Digital transformation is necessary to regain a hold on inventory management, yet it requires C-level buy-in. At the height of the pandemic, there was a rush to stop the bleeding by testing and implementing new technologies, but as companies have now settled in for the long haul, they have quickly reverted to slow and lengthy decisions and implementations. As more time passes, there is less incentive for leadership to approve new technologies. That stall to move forward will leave companies more vulnerable when another “black swan event” arrives and upends the way businesses operate.

It’s time to take the necessary steps to be as best prepared as possible for whatever may come next. When done right, digital transformation in the supply chain makes your organization even more efficient today while meeting the challenges of the unknown. Yes, making the digital transformation can be intimidating, but five steps are essential for making a smooth transition that will enable having both a lean and an agile environment to have a more resilient supply chain.

 1. Data foundation is critical, but data cleansing is not.
Traditional processes are broken. To be agile, the network should be able to understand data accurately and send signals with supply chain updates. But legacy systems and processes cannot keep up with the amount of manual data cleansing required to be efficient.
To create a consistently agile supply chain, organizations have to understand their data across systems, both in-house and with your supplier network. As long as you understand your data, you can use existing data, incomplete and dirty, to drive outcomes more effectively and still carve a path to be agile and lean.

2. Digitizing the supply chain.
Shipping physical goods from supplier to supplier to user needs an efficient system. If you aren’t getting the most from your data and if new systems are dependent on human data entry, the supply chain weakens. A digital supply chain means digitized goods, processes, and logistics. Yes, it requires taking manual processes and transitioning to a digital one, but once you lay the data foundation, you are enabling that data can be understood, intelligence presented to a human expert, and the “why” of decisions can be accounted for across the supply network.
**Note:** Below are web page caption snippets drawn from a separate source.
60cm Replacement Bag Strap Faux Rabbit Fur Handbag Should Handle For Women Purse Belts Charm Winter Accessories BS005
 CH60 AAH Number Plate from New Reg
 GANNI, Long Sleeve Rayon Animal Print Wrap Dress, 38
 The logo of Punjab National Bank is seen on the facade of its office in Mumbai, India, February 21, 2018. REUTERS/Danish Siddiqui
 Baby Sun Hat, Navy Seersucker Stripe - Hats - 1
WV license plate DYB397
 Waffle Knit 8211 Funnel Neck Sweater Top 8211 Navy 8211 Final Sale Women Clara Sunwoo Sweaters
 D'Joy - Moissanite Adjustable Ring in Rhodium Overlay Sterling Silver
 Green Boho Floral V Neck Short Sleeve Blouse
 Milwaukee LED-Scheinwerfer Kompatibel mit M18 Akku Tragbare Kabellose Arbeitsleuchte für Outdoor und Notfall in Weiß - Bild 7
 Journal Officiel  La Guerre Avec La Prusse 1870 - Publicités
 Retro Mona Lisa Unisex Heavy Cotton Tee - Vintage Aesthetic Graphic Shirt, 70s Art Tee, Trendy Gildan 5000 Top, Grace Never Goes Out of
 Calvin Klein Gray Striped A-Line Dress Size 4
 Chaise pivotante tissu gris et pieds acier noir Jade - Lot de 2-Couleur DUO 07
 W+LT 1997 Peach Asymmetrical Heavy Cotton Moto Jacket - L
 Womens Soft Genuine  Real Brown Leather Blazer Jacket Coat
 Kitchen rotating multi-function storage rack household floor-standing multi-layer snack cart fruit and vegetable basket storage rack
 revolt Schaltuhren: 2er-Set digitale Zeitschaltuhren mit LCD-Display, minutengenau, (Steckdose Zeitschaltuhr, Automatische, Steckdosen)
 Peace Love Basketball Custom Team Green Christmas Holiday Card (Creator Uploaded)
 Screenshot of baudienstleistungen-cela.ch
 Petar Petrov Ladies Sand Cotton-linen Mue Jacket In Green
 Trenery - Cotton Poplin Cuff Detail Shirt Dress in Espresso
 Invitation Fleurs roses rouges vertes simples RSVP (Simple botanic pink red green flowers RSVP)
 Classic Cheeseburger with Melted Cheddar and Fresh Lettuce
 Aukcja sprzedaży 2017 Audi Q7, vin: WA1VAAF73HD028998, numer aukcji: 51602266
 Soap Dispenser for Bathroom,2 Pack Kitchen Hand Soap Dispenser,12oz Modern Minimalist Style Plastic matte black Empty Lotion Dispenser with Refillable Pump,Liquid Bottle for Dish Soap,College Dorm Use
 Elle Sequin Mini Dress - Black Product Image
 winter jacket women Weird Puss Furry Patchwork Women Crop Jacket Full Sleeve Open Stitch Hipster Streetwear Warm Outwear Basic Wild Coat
 3. Strategic supplier alignment.
The important part of resiliency is the ability to interact and understand the operational risk. When shipments are predictable, they can be planned for, but if the shipment is now 40 weeks out instead of the regular four weeks, supply chain management is thrown off the rails. With digital transformation, it is easier to align with your suppliers. In a digitized supply chain, when you realize you need certain items, your supplier also can know it by sharing your data easily across platforms. The system will keep all parties in the loop with the changes. By building this network that allows you to be both agile and lean, you can pivot on demand.

 4. Change management and understanding intentions across organizations
Change management is really about incentive alignment. As you’re undergoing a digital transformation, procurement will have different incentives than operations or financial. When the incentives don’t align with the goals you’re trying to achieve, you end up creating silos. And silos can’t scale to your real-time needs.
Understanding how to bridge and align incentives takes you back to being both agile and lean. You can drive out costs and trust your risk is as low as possible.
In this step, you see how the other three steps build upon each other. Procurement can save money with strategic supplier alignment, for example, which is built through a digitized supply chain and a solid data foundation.

 5. Speed and changing the dynamic of the supply chain.
Executing the digital transformation of the supply chain can’t wait. It is a time-consuming project. But putting it off for years or turning to the technology solutions of the past just means that you won’t be able to react and readjust your supply chain when the next “black swan event” comes along, and this will ultimately be a major detriment when it comes.